Cannabis, la Cassazione: coltivare in casa non è reato
Non è penalmente punibile chi in casa coltiva piantine di marijuana per uso personale: con una decisione adottata appena prima di Natale, le Sezioni Unite della Cassazione cambiano linea rispetto alla propria decisione del 2008 sulla coltivazione di piante dalle quali siano ricavabili sostanze stupefacenti, e mettono fine alle successive oscillazioni della giurisprudenza delle singole sezioni della Suprema Corte. Composte da otto consiglieri e presiedute dal Primo Presidente della Corte di cassazione, le Sezioni Unite sono la massima espressione della giurisprudenza di legittimità nel risolvere i contrasti insorti tra le decisioni delle singole sezioni sulle questioni di speciale importanza.

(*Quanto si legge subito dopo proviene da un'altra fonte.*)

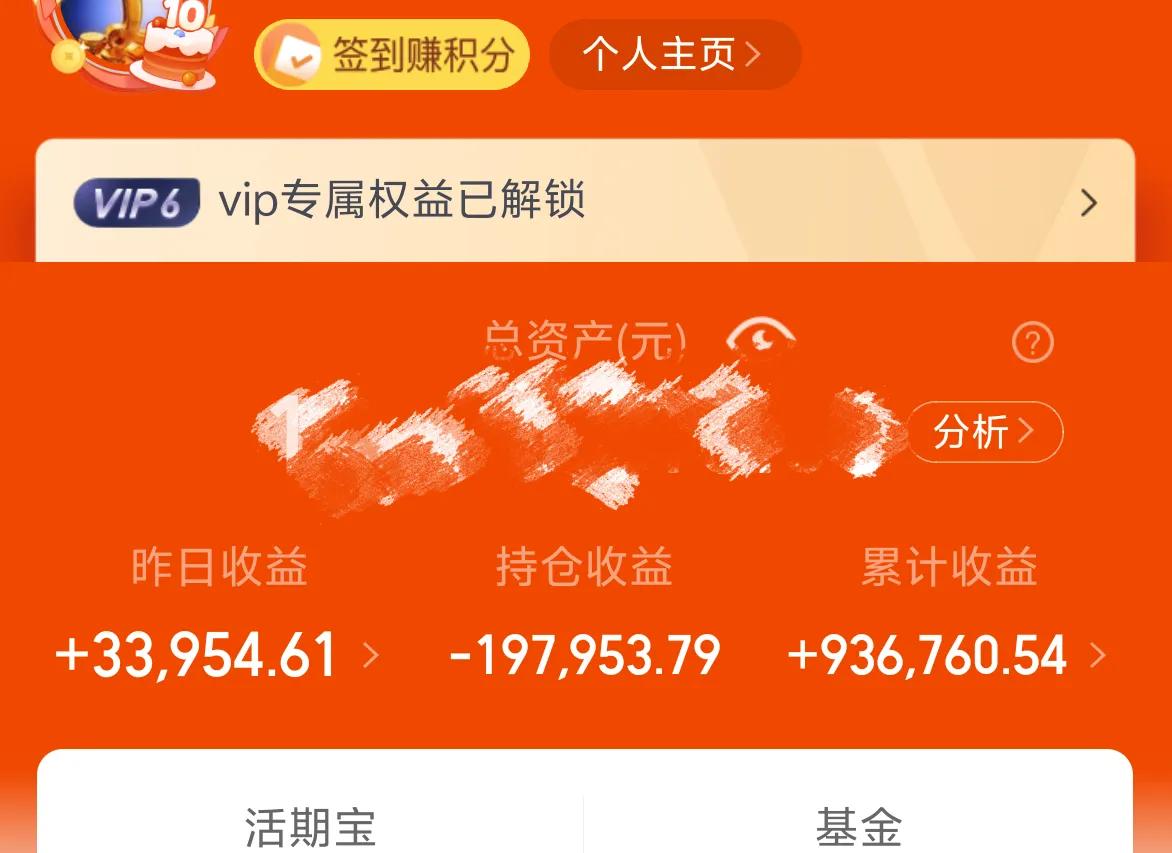 万日长投第2714天，上周五基金收益3W+，昨天虽然三大指数翻红，但却没有什么赚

Nel 2008 le Sezioni Unite avevano ritenuto che coltivare la cannabis costituisse reato indipendentemente dal fatto che il prodotto fosse destinato ad uso esclusivamente personale: e questo perché nella fattispecie di coltivazione (punibile fin dal momento di messa a dimora dei semi) ravvisavano una notevole «anticipazione» della tutela penale rispetto al «pericolo del pericolo» di incrementare le occasioni di cessione della sostanza e lo spaccio dello stupefacente. A distanza di anni, però, nelle sentenze di merito (Tribunali e Corti d’Appello) approdate man mano alla giurisprudenza delle singole sezioni della Suprema Corte, erano riaffiorati due contrapposti orientamenti. Uno, minoritario, tendente a valutare inoffensiva la coltivazione se in concreto irrilevante nell’aumentare l’ulteriore diffusione della sostanza, come appunto nell’uso esclusivamente personale e di minima entità (per esempio fino a due piantine); l’altro, maggioritario, granitico invece nel ritenere la coltivazione di per sé reato, a prescindere dalla finalità alla quale sia preordinata o dalla quantità di principio attivo.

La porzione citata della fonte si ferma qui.